Welchem Flügel innerhalb der AfD würden Sie sich zurechnen?
Wir lassen uns nicht in linke und rechte Flügel einteilen. Wir sind eine Einheit. Wenn ich aber wählen müsste, würde ich mich dem gemäßigten Flügel zuordnen, also dem um Björn Höcke.
Höckes AfD in Thüringen wurde als "erwiesen rechtsextrem" eingestuft. Trotzdem steht sie in Umfragen bei 33%.
Wieso "trotzdem"?
Wollen Sie sagen, dass jeder Dritte Thüringer rechtsradikal ist?
Nein, auf keinen Fall! Ich würde eher sagen: jeder Zweite. Höcke schafft es einfach nicht, unser volles Wählerpotential zu entfalten. Damit gefährdet er den Erfolg der AfD.
Aber Höcke hat doch schon so ziemlich jeden AfD-Chef vertrieben, der nicht rechts genug war.

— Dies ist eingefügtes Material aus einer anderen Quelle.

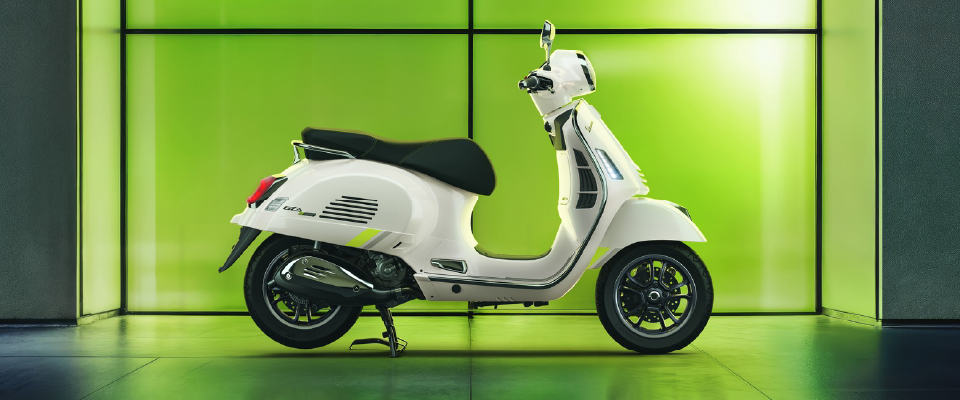 Persona disfrutando de conducir una moto Vespa por la ciudad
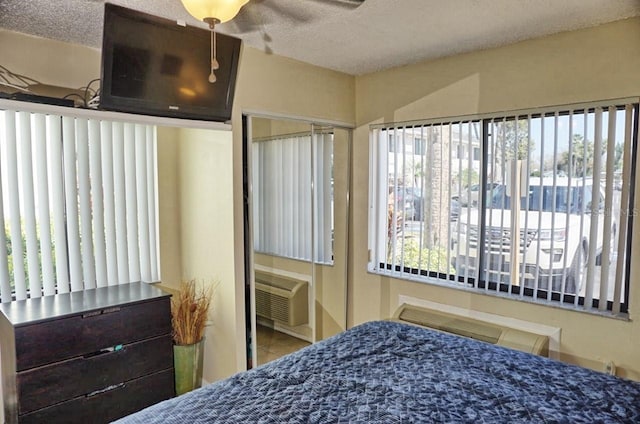 tiled bedroom featuring a textured ceiling, multiple windows, and a wall unit AC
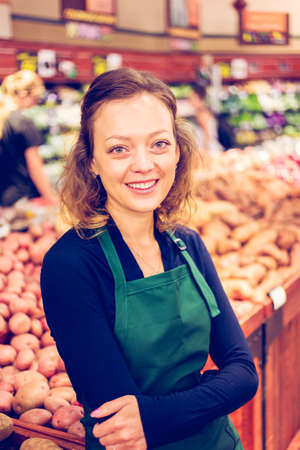 Portrait of a grociery store clerk in front of a vegetable section of the store.の写真素材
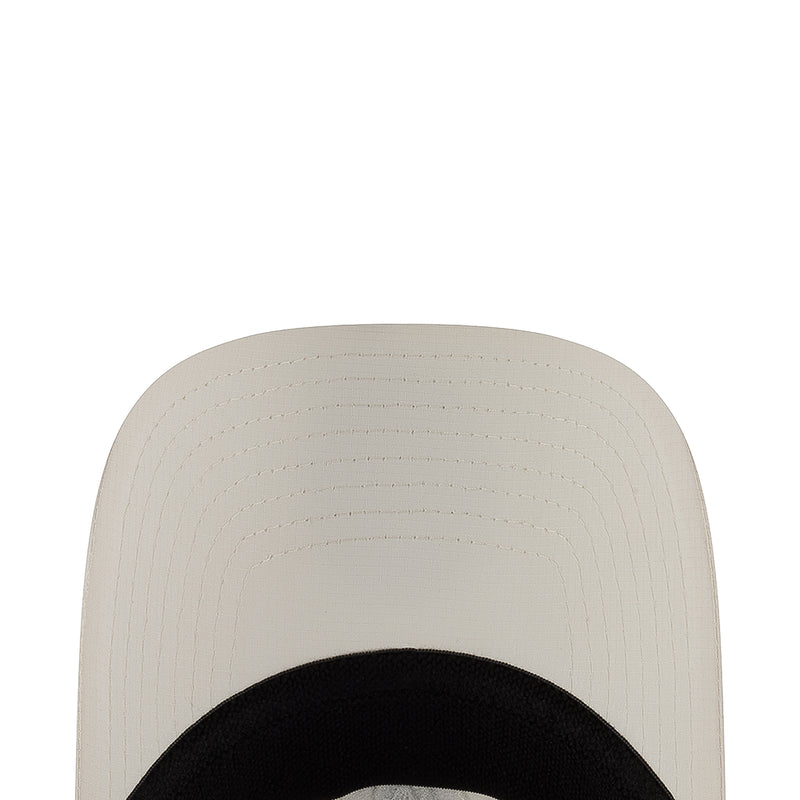 White strapback cap back panel with curved seam stitching and ventilation eyelets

Mag sein, doch irgendwann ist auch er fällig. Höcke ist viel zu zahm, zu harmlos. Er traut sich nicht, das auszusprechen, was viele in der Partei denken. Wir müssen ihn loswerden. Wir brauchen eine starke Führerfigur und nicht so einen feuchtäugigen Jammerlappen.
Wer könnte ihn stürzen?
Lassen Sie das mal meine Sorge sein. Ich erfreue mich großer Beliebtheit in der Partei, bin rhetorisch versiert und noch dazu ein lustiger Lurch. Gegen mich hat dieser Grottenolm Höcke keine Chance.
Vielen Dank für das Gespräch.
Danke ebenso. Ich werde Ihnen nach der Machtergreifung eine der netteren Zellen zuteilen lassen.